In FIG. 7, at the start of data transmission, the transmitting side and the receiving side each have held correct reference information α. Consider first a case where the transmitting side transmits a header H1 and data D1 to the receiving side. Before transmission, the transmitting side carries out data compression on the header H1 by referring to the reference information α. Here, the header H1 and a compressed header H′1 for transmission to the receiving side have such a relation as represented by the following equation (1).H′1=H1*α  (1) 
In the above equation (1), an operation represented by * varies for each field of the header to be compressed. For example, the operation is so carried out as follows: the field does not vary if representing a UDP port number; the field is generally increased in value by 1 if representing an RTP sequence number; and the field is increased in value by 50 if representing an RTP timestamp.
As such, the reference information α includes all information required for compression of each field as described above. Therefore, if the receiving side holds the correct reference information α having the same contents as that held in the transmitting side, the receiving side can correctly decompress the received compressed header H′1 into the original header H1, thereby obtaining the correct header H1 and data D1. Similarly, headers and data H2 and D2, H3 and D3, and H4 and D4 are transmitted after each header is compressed by referring to the reference information α.
Next, consider a case where the reference information is changed. FIG. 8 shows an example of data transmission where the reference information is changed during the transmission.

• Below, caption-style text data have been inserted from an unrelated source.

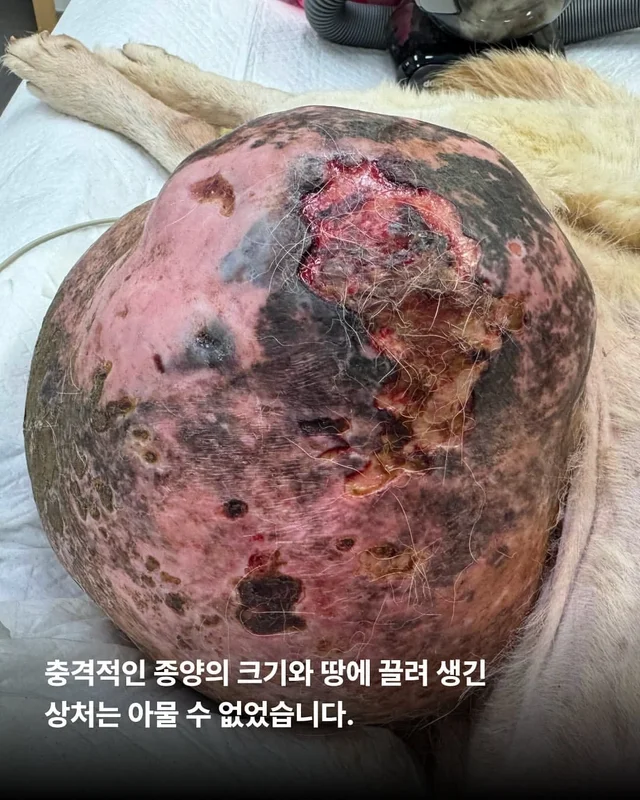 종양 백구의 검진결과가 나왔습니다. 현장 사진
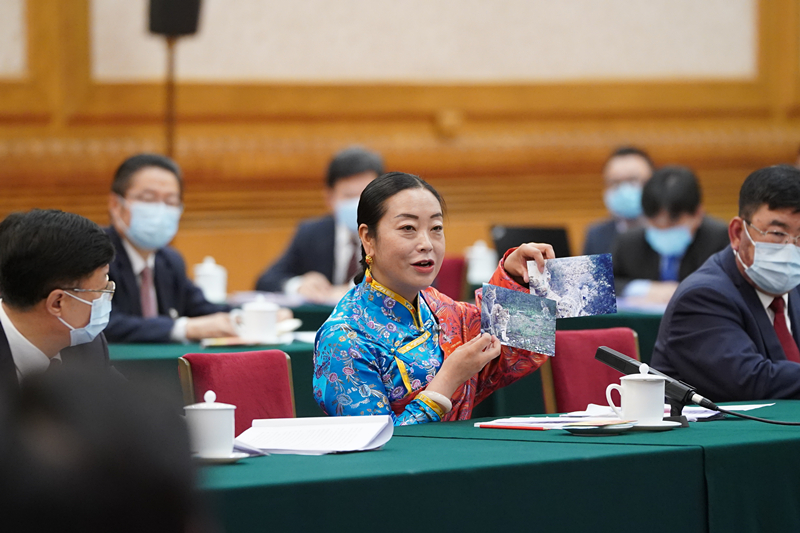 2021年3月7日,习近平总书记在参加十三届全国人大四次会议青海代表团审议时,全国人大代表孔庆菊在会上展示了两张照片,上面分别是祁连山地区多年不见踪迹的雪豹和荒漠猫。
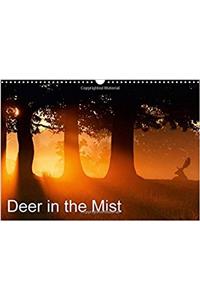 Deer in the Mist 2017
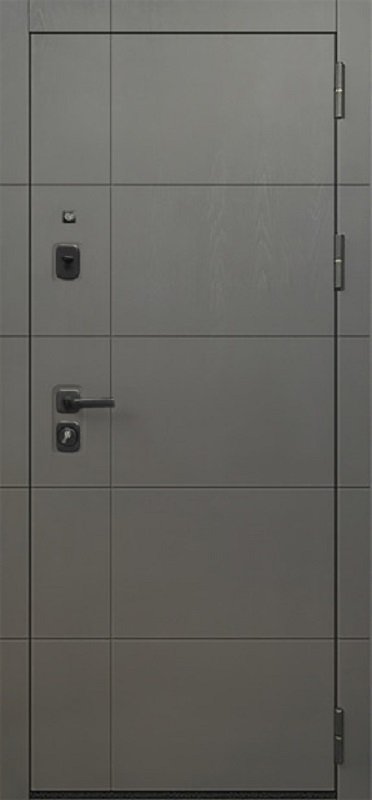 Входная дверь Oiko Acoustic Grafika-2 Grafit Wood/Reflex Софт белый - фото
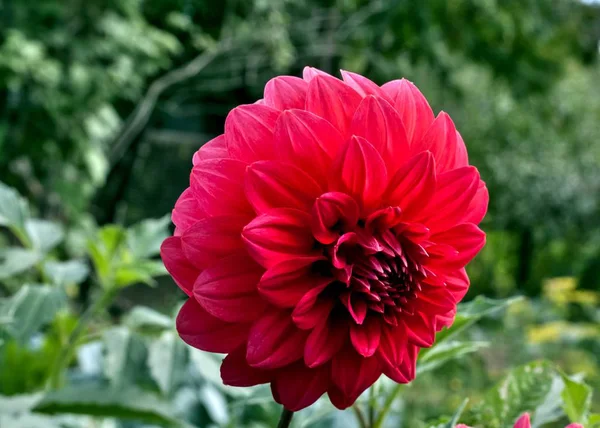 Fleur Dahlia Rouge Sur Fond Nature Floue — Photo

In FIG. 8, after the header H2 and the data D2 are transmitted, the reference information is changed from α to β, and the header H3 is compressed by referring to the changed reference information β.
For example, assume that the RTP timestamp of the header to be transmitted is increased by 50, but, at the time of transmission of the data D3, such increase is changed to by 100. Under this assumption, the transmitting side changes the reference information α held so far containing that “The RTP timestamp is increased by 50” into the reference information β containing that “The RTP timestamp is increased by 100”. To update the reference information, as shown in FIG. 8, the receiving side refers to update information further provided to the compressed header to be transmitted (here, a header H′3).
In some cases, the reference information may be updated even if the update information is not explicitly transmitted. One example header compression scheme taken in such cases is briefly described below. In the compressed header, the sequence number is assigned 4 bits capable of representing integers from 0 to 15, but not 16 or more. Therefore, any integer N equal to 16 or more is represented by Nmod16. Thus, the receiving side finds the sequence number by using an equation L*16+ (received sequence number), where L is incremented by 1 whenever the received sequence number is changed from the maximum value (here, 15) to the minimum value (here, 0). Here, the update information is not explicitly transmitted. Instead, when the sequence number becomes larger than the maximum value, the reference information is updated on both sides.
FIG. 9 is a block diagram showing the structure of a header decompression apparatus that achieves the header decompression as described above.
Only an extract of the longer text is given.